Alacaklı … A.Ş. vekili istinaf dilekçesinde, öncelikle mahkemece verilen geçici mühlet ve kesin mühlet kararlarının usul ve yasaya aykırı olduğunu, konkordato tasdik projesi kapsamında kalan tüm borçların tasdik kararının kesinleşmesinden itibaren 5 yıl içerisinde 2’şer aylık taksitlerle ödenmesinin alacaklıların zararına olacağını, mahkemece bildirdikleri alacaklarının değil, borçlu firmanın kayıtlarında yer alan tutarın nisaba esas alındığını, konkordato isteyen … için kabul edilen projede kefalet alacaklarına yer verilmediğini, müvekkili banka lehine tesis edilmiş ipotek bulunmasına rağmen ön projede ve konkordato komiserler kurulu raporlarında rehinli alacak olarak değerlendirilmediğini, mahkemece İİK 307. maddesinde sayılan şartlar oluşmadığı halde rehinli malların muhafazası ve satışının tasdik tarihinden itibaren 1 yıl süre ile ertelenmesine karar verildiğini belirterek, İlk derece Mahkemesi kararının kaldırılmasına ve istemcilerin konkordato taleplerinin ayrı ayrı reddine karar verilmesini istemiştir.

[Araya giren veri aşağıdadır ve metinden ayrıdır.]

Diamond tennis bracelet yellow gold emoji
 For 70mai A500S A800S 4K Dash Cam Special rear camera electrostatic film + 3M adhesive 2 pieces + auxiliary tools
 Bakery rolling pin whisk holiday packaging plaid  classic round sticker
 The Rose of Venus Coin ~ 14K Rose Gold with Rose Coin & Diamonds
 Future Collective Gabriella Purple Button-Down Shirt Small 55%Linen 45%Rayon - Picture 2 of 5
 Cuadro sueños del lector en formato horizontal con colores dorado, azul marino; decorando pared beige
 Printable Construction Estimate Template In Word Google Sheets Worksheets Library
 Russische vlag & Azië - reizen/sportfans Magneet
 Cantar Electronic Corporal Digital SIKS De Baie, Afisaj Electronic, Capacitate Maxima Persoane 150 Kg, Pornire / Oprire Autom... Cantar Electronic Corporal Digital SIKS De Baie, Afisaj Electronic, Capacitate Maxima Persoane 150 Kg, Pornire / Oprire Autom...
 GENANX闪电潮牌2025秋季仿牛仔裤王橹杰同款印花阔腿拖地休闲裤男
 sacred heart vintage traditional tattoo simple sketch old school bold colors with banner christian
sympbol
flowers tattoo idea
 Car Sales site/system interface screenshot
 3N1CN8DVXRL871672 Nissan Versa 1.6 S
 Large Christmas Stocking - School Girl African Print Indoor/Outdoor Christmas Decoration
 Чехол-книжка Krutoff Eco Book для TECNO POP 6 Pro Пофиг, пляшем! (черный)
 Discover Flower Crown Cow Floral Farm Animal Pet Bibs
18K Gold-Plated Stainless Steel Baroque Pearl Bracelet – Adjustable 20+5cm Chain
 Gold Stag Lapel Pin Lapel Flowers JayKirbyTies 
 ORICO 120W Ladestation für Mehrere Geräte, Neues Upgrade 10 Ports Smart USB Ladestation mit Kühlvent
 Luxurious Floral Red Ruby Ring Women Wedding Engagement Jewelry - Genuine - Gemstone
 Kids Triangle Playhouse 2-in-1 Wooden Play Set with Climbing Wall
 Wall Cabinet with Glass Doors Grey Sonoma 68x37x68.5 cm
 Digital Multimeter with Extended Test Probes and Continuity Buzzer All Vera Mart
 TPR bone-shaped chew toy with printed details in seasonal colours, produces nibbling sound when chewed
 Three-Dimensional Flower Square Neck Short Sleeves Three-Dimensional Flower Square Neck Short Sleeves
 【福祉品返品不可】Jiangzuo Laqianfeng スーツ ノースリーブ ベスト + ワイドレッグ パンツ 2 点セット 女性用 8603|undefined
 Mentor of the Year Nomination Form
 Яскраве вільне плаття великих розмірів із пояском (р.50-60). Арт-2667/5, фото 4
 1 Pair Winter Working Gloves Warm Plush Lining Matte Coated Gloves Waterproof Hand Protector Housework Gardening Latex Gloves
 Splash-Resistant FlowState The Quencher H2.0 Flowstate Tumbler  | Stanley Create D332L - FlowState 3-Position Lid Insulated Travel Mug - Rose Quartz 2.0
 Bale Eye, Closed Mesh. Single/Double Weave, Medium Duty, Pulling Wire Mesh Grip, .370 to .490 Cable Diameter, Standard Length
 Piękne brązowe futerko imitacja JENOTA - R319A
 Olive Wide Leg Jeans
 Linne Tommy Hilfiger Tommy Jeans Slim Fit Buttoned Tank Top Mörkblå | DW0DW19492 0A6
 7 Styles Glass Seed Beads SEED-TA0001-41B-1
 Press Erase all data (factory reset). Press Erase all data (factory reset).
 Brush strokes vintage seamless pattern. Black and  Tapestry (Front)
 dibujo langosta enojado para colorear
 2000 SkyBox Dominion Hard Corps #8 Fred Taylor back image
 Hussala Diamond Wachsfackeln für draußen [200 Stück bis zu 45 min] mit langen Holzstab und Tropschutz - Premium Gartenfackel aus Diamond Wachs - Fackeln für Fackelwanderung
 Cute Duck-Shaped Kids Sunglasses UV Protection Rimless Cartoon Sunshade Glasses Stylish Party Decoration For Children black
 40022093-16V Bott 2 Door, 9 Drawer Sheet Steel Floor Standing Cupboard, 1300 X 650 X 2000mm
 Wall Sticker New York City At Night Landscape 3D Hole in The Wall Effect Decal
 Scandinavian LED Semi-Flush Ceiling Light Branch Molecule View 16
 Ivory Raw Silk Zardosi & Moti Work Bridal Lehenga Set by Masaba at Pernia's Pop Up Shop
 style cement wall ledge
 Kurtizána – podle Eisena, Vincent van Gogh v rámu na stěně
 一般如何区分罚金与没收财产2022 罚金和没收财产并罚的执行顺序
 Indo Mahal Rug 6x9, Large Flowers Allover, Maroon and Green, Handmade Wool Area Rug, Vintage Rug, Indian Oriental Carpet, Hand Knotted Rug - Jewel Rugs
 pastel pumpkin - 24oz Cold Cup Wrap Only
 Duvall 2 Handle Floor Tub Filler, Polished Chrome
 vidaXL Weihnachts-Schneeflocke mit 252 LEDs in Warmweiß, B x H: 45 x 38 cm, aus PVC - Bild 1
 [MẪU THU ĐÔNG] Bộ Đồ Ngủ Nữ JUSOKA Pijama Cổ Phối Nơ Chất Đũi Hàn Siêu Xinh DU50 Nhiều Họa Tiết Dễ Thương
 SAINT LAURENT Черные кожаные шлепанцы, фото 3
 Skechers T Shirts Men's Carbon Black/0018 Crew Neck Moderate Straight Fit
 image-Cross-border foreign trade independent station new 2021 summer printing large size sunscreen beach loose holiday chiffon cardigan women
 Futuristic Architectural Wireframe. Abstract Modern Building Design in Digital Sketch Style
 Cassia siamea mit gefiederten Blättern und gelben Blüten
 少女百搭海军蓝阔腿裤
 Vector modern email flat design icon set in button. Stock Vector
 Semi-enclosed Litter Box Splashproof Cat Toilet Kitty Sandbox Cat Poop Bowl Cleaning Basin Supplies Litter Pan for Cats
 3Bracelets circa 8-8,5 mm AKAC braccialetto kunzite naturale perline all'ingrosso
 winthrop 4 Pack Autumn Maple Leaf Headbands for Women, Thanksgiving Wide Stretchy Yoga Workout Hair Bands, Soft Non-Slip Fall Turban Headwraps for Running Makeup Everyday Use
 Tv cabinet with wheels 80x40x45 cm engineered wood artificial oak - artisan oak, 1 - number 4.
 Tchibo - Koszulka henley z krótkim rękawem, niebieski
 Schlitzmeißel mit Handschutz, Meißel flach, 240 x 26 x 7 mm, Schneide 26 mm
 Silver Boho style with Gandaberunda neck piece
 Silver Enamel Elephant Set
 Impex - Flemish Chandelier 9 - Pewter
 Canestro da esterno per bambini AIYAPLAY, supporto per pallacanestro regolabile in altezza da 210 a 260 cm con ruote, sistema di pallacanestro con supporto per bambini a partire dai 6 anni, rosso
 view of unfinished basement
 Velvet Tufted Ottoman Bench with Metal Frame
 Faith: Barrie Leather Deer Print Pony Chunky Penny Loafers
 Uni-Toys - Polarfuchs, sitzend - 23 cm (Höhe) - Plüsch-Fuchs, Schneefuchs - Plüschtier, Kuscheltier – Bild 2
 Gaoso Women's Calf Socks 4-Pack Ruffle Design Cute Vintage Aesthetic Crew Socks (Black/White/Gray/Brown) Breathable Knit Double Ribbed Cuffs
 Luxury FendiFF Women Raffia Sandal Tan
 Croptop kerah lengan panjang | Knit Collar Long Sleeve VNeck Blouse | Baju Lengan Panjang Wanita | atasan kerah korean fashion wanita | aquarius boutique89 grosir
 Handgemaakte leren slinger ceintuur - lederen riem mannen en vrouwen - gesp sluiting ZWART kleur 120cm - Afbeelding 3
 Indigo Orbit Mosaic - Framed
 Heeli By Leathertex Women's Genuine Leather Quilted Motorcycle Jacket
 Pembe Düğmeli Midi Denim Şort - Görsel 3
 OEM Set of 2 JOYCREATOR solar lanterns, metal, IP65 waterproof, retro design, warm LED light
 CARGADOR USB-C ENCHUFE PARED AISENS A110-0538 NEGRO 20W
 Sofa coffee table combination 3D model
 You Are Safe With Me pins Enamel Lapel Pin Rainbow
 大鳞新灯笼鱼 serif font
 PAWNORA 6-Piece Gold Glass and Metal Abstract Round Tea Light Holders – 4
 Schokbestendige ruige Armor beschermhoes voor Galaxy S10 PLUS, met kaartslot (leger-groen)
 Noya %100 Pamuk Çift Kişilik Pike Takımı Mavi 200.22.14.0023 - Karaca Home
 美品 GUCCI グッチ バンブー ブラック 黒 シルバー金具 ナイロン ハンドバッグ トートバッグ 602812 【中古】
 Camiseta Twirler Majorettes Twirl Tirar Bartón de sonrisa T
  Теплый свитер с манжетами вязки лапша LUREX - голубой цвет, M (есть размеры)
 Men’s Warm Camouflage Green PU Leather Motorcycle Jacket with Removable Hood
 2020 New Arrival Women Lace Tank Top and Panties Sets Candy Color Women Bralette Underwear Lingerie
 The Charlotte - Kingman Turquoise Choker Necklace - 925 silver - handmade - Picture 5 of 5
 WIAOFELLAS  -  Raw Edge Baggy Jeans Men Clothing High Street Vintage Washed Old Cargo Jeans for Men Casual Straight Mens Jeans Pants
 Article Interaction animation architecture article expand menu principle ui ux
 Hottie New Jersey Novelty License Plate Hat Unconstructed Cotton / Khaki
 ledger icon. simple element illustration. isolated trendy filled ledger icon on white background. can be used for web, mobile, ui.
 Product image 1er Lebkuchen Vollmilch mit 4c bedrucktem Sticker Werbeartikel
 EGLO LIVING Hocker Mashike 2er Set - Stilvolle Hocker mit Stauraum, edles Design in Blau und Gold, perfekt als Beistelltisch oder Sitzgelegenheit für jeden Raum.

Alacaklı T. … A.Ş. vekili istinaf dilekçesinde; müvekkili Bankaca bildirilen konkordato isteyen …’dan olan alacaklarının nisapta hiç bir şekilde dikkate alınmadığını, …’nın diğer istemci şirkete kullandırılan kredilere müteselsil kefil sıfatıyla imza attığını, … firması yönünden bildirilen tüm alacaklarının rehinli olarak tespiti sağlanmış olmakla birlikte diğer istemcinin müvekkili Bankaya olan ve bildirilen kefalet borcunun dikkate alınmadığını, …’nın konkordatosunun tasdiki için İİK’da öngörülen yasal koşulların oluşmadığını, bilirkişi raporlarında istemci … yönünden İİK’nın 305. maddesinde yer alan koşulların gerçekleşip gerçekleşmediği hususuna yer verilmediğini, konkordato ile teklif edilen tutarın borçlu …’nın kaynakları ile orantılı olup olmadığı hususunun incelenmediğini, …’nın projesinin ciddi ve inandırıcı olmadığını, kaldı ki …’nın konkordato projesinin tasdiki için yasanın öngördüğü alacak ve alacaklı çoğunluğunun kabul oyu sağlamamasına rağmen eksik nisap ile tasdik yönünde hatalı karar verildiğini, öte yandan öngörülen vadenin hayatın olağan akışına aykırılık teşkil edecek ve alacaklıların zararına neden olacak derecede uzun olduğunu, borçlu …’nın konkordato talebinin İİK’nun 286, 287. ve ilgili diğer maddelerinde yer alan yasal düzenlemelere uygun bulunmadığını belirterek, İlk derece Mahkemesinin istemci … hakkındaki kararının kaldırılmasına ve istemin reddine karar verilmesini istemiştir.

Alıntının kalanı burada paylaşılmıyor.